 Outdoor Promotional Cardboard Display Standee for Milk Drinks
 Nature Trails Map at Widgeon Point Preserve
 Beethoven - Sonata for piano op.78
--
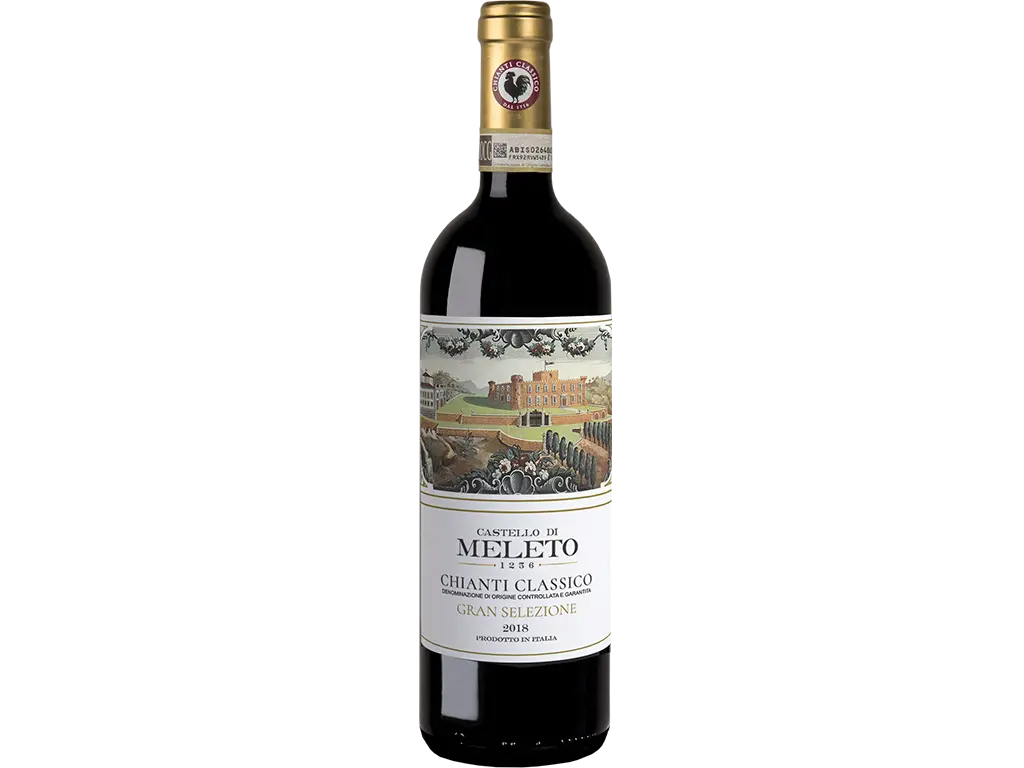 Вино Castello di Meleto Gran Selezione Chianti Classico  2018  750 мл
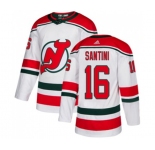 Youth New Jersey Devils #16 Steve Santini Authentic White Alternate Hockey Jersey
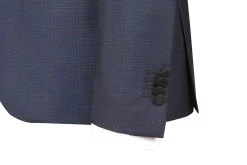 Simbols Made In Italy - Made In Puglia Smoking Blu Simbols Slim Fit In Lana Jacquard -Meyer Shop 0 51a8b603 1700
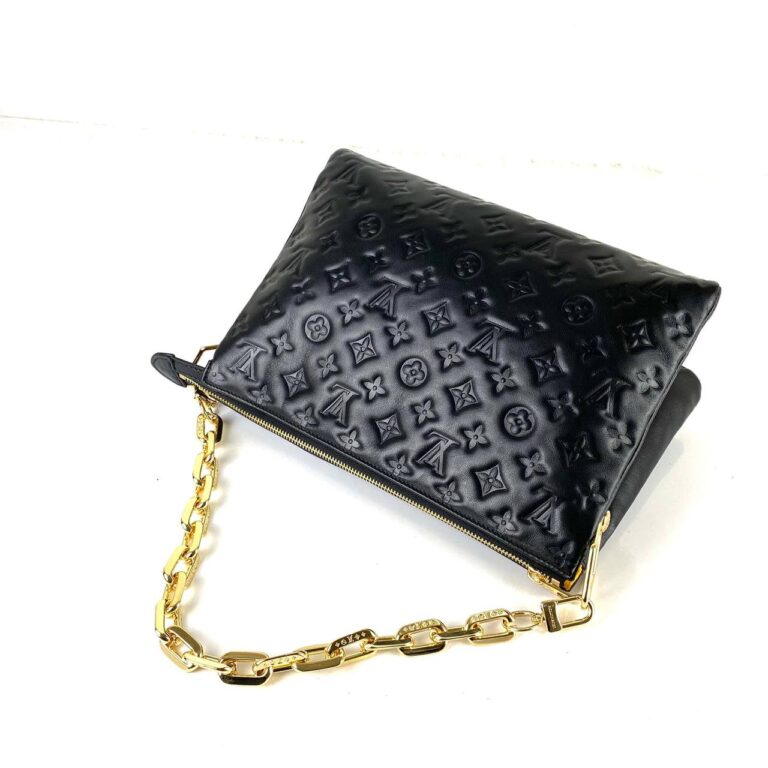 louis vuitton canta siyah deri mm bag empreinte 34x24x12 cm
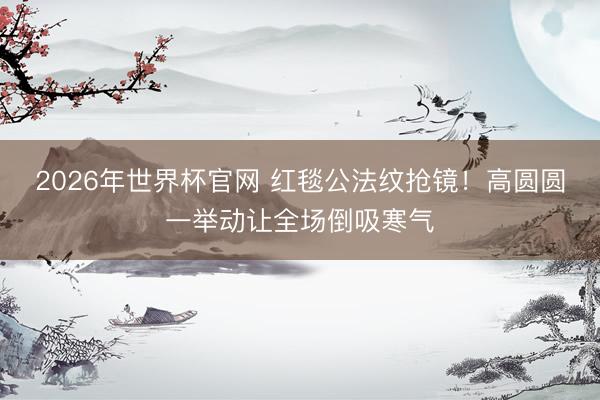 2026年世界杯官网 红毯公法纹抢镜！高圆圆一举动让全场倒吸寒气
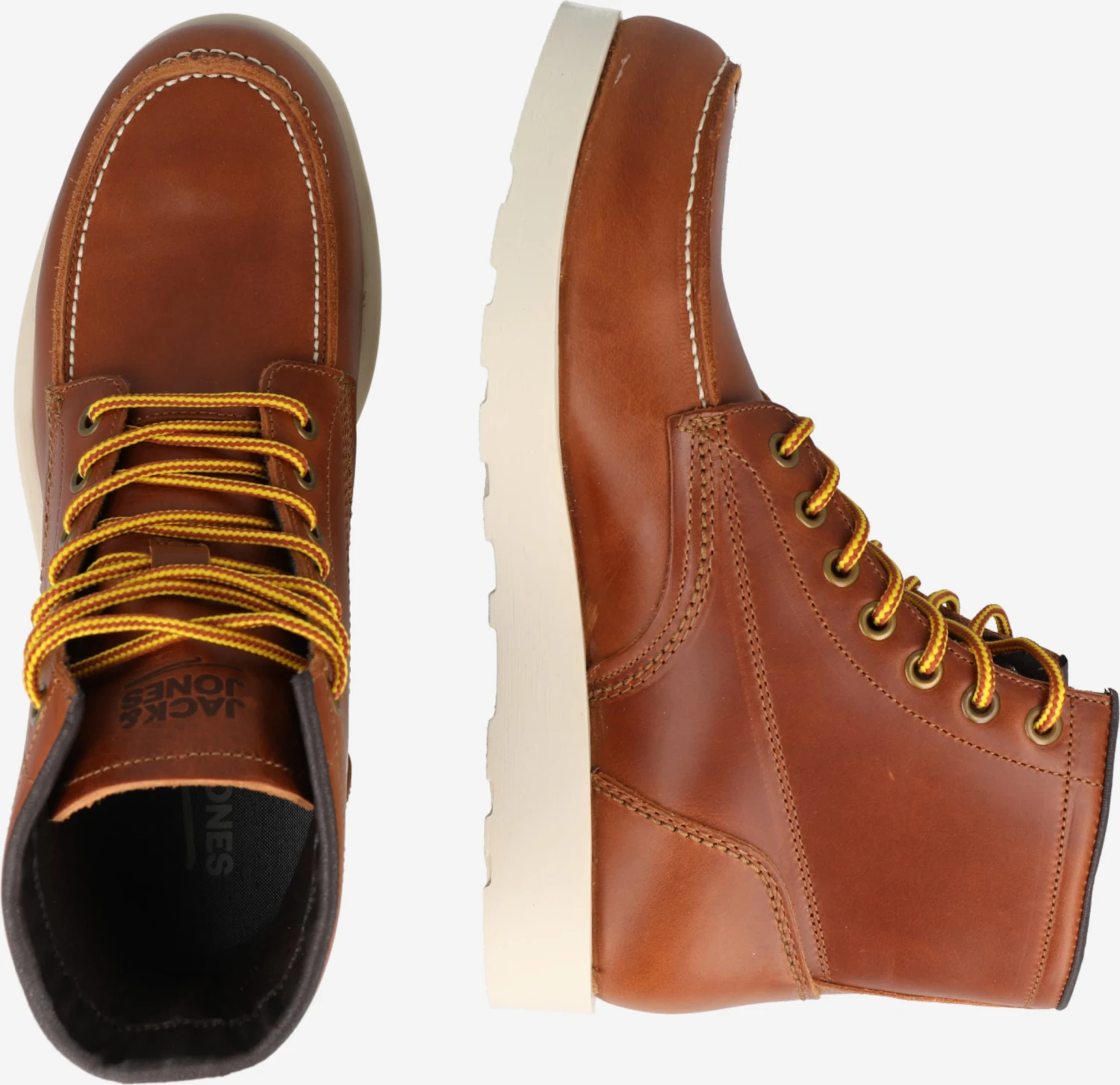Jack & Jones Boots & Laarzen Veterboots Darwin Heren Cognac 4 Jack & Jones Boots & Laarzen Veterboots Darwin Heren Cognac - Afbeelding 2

(What this task involves) From the records above, extract exactly and only the lines that begin at the line with "Outdoor Promotional Cardboard" and stop after the line with "Beethoven - Sonata for piano op.78".

(Problem solution)
 Outdoor Promotional Cardboard Display Standee for Milk Drinks
 Nature Trails Map at Widgeon Point Preserve
 Beethoven - Sonata for piano op.78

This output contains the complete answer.